OmniVDiff: Omni Controllable Video Diffusion for Generation and Understanding
This addresses the need for flexible and scalable video generation and understanding tools for applications like video-to-video translation and scene reconstruction, representing a novel method for a known bottleneck.
The paper tackles the problem of controllable video diffusion by proposing OmniVDiff, a framework that synthesizes and comprehends multiple video visual modalities in a single model, achieving state-of-the-art performance in video generation and competitive results in video understanding.

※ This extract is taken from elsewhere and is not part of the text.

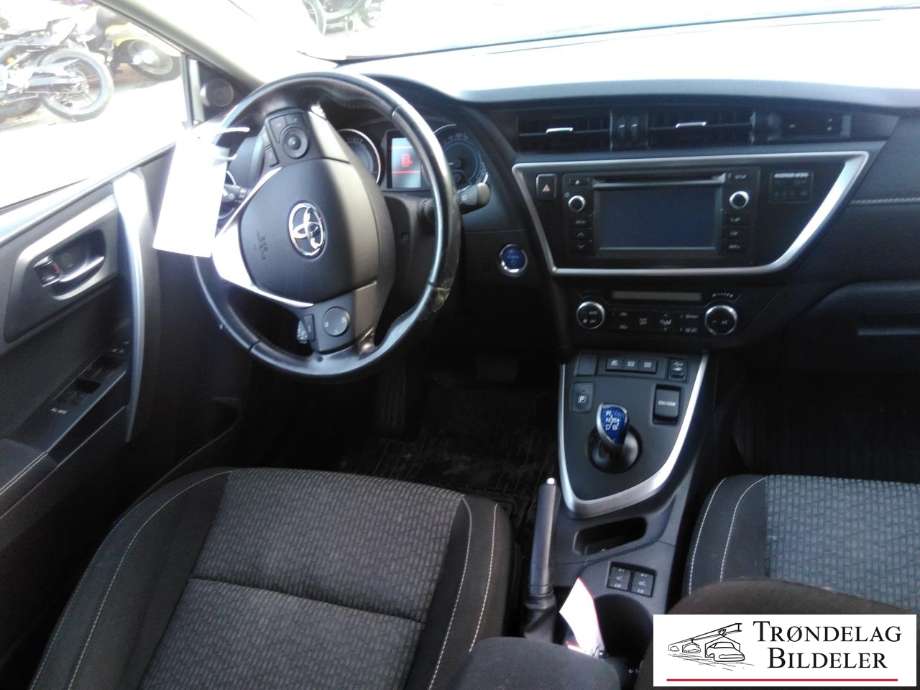 Toyota Auris 2013-2015 (Type II, Fase 1) , Motorkode: 2ZR-FXE, Girkassekode:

In this paper, we propose a novel framework for controllable video diffusion, OmniVDiff , aiming to synthesize and comprehend multiple video visual content in a single diffusion model. To achieve this, OmniVDiff treats all video visual modalities in the color space to learn a joint distribution, while employing an adaptive control strategy that dynamically adjusts the role of each visual modality during the diffusion process, either as a generation modality or a conditioning modality. Our framework supports three key capabilities: (1) Text-conditioned video generation, where all modalities are jointly synthesized from a textual prompt; (2) Video understanding, where structural modalities are predicted from rgb inputs in a coherent manner; and (3) X-conditioned video generation, where video synthesis is guided by finegrained inputs such as depth, canny and segmentation. Extensive experiments demonstrate that OmniVDiff achieves state-of-the-art performance in video generation tasks and competitive results in video understanding. Its flexibility and scalability make it well-suited for downstream applications such as video-to-video translation, modality adaptation for visual tasks, and scene reconstruction.